■ Required work: Your task is to copy every line of the entries that contains "https".

■ Data provided:

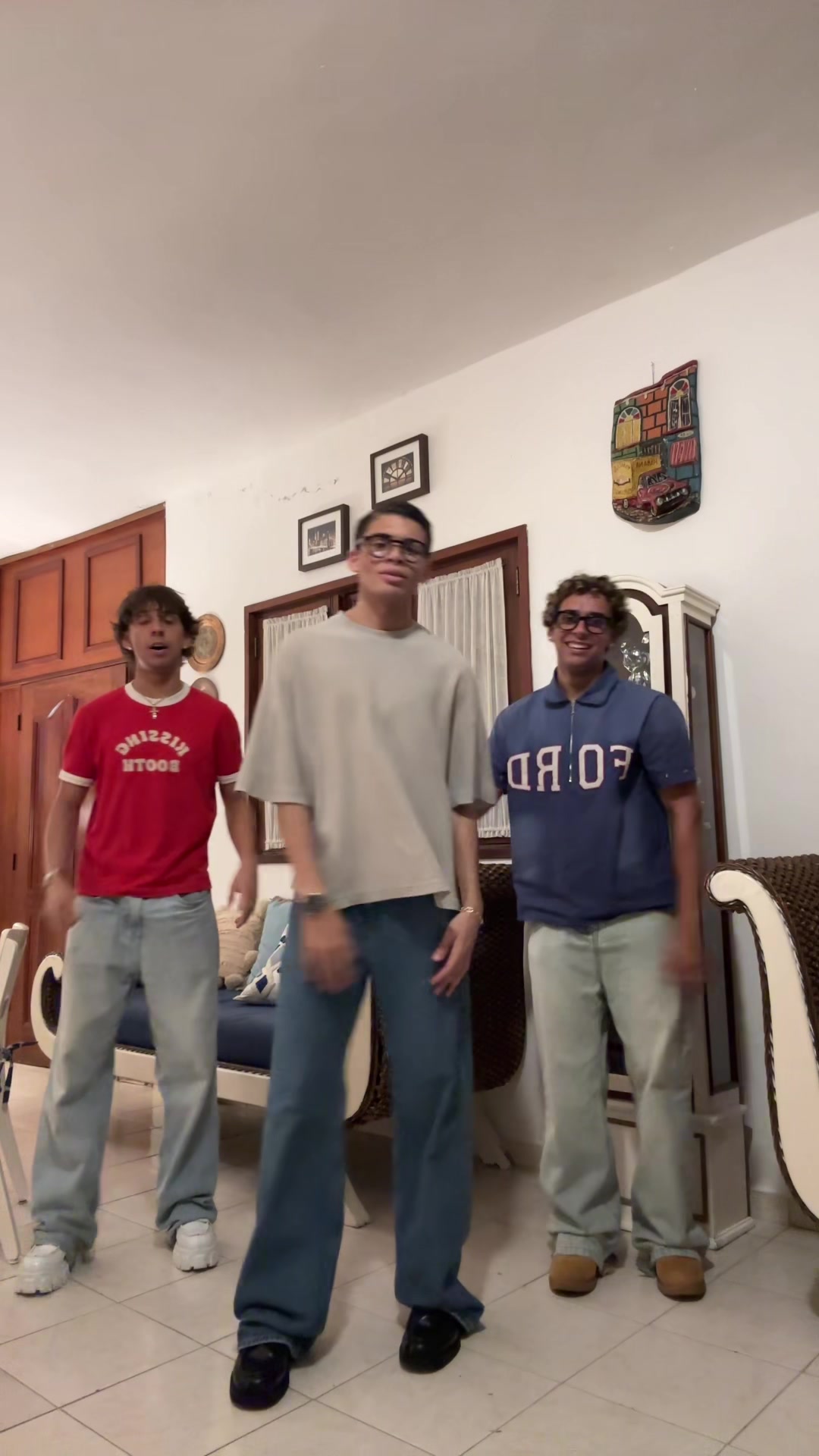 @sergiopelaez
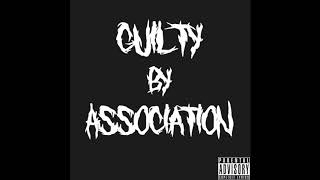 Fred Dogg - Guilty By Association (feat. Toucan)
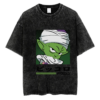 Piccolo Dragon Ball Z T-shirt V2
* * *
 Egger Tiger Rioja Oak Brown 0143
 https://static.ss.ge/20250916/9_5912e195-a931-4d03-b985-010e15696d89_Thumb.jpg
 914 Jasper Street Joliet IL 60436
==
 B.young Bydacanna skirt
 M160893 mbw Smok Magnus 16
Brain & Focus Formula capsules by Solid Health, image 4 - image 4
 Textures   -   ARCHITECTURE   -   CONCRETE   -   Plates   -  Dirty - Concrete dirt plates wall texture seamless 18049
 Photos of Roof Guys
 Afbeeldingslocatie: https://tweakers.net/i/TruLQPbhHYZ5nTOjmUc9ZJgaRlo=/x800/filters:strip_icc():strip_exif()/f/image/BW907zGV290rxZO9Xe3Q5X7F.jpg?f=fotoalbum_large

■ Expected answer:
 https://static.ss.ge/20250916/9_5912e195-a931-4d03-b985-010e15696d89_Thumb.jpg
 Afbeeldingslocatie: https://tweakers.net/i/TruLQPbhHYZ5nTOjmUc9ZJgaRlo=/x800/filters:strip_icc():strip_exif()/f/image/BW907zGV290rxZO9Xe3Q5X7F.jpg?f=fotoalbum_large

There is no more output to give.